Building a Brighter Future
Cocooned by the triumphant sounds of high school marching bands, hundreds of children from community youth agencies throughout Harris County proudly pace around the perimeter of NRG Arena. Carrying homemade team banners emblazoned with the name of their organizations, the finalists are flanked by mascots and sponsors as they participate in a ceremony with grandeur and spectacle reminiscent of the international Olympics. As the torch ignites the Olympic flame, the all-too-familiar words from El Franco Lee, Harris County Precinct One Commissioner, echo across the stadium at the end of his opening address: “Let the games begin!”
On August 8th, about 2,300 boys and girls ages six to 15 competed in 12 events, from jacks to football–pass accuracy, at the culmination of the 28th Annual Harris County Precinct One Street Olympics Summer Games.
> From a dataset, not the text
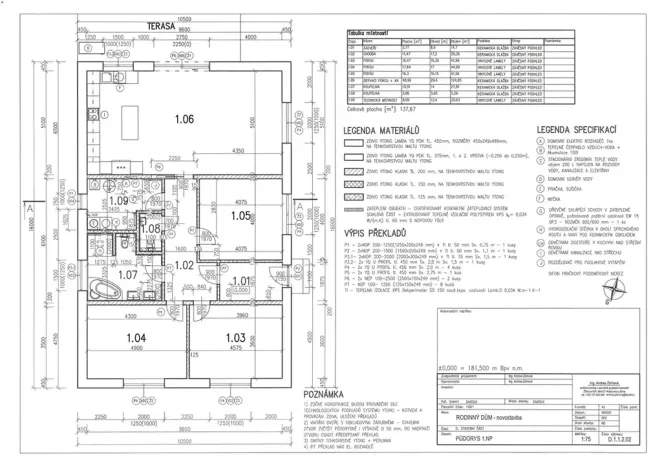 Prodej pozemku pro bydlení, Žabčice, Tichá, 972 m2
Three hundred gold, silver and bronze medals were awarded in each sport and in each age division. The young athletes represent the best of approximately 3,500 participants who trained and competed for eight weeks at participating youth organizations.
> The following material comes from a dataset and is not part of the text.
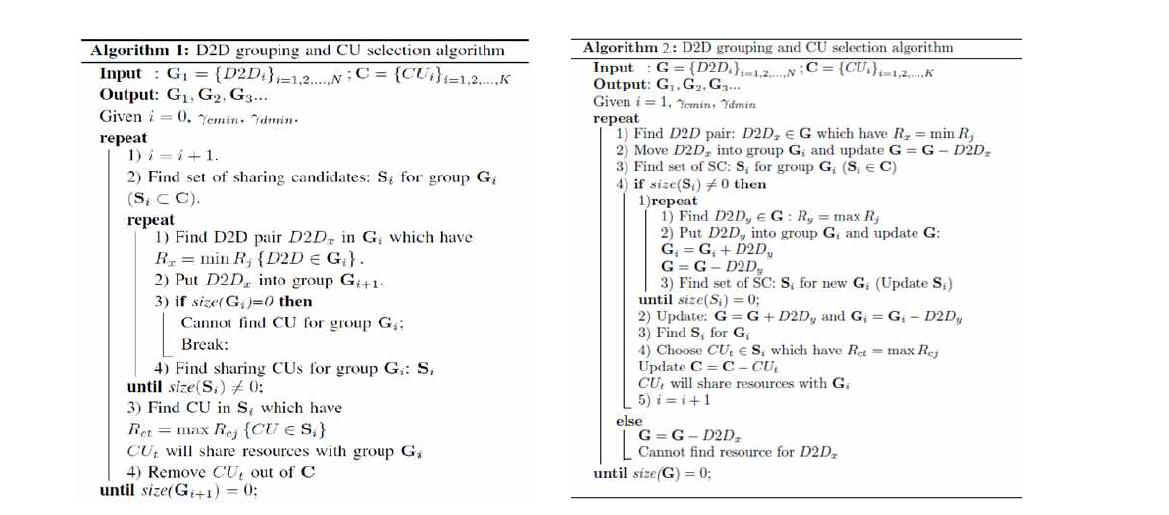 D2D 링크 그룹핑 및 셀룰러 링크 선택 알고리즘 #1, #2.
While the event will conclude this year’s Summer Games, other Street Olympics’ components will continue throughout the year, including the Harris County Aquatics Program, Traveling Naturalist Program and the Northeast Adolescent Program. “The Street Olympics was not something that was contrived,” reflected Lee, who founded the Street Olympics in 1986, cultivating a well-rounded program offering an enriching educational experience to Houston-area youth throughout the summer. “It was something that helped me to develop and I believe in guiding others on the path to development—this is just a way to systematize that and harness the potential of the young people in our community.”
The Street Olympics’ Summer Games begins competition in community based youth groups, such as the YMCA and City of Houston Parks & Recreation Department, in June of each year. Since its inception, the Street Olympics has grown from a summer–only recreational program to include four major components that address the social service, health care, educational and vocational needs of Harris County youth. Starting with a roster of little more than 200 participants, the program involved upwards of 10,000 youth and young adults this past year.
“Over the past 28 years, we’ve touched the lives of over 100,000 kids,” said Yvette Chargois, chair of the Street Olympics Board of Directors. “If we made a difference in the life of one of them, then it’s been successful. What we try to do is not just show them some fun games and fun things to do, but also try and educate and let them know that there are many resources available for them.” Providing a cross section of Lee’s comprehensive efforts to address the needs of young people throughout Harris County, the Bright Futures Fair acted as a companion event to the athletic competition. It was held throughout the day at the other end of NRG Arena. The Bright Futures Fair consisted of 90 exhibitors who strove to keep the athletes busy between their events while exposing them to the wealth of opportunities available in Harris County and beyond.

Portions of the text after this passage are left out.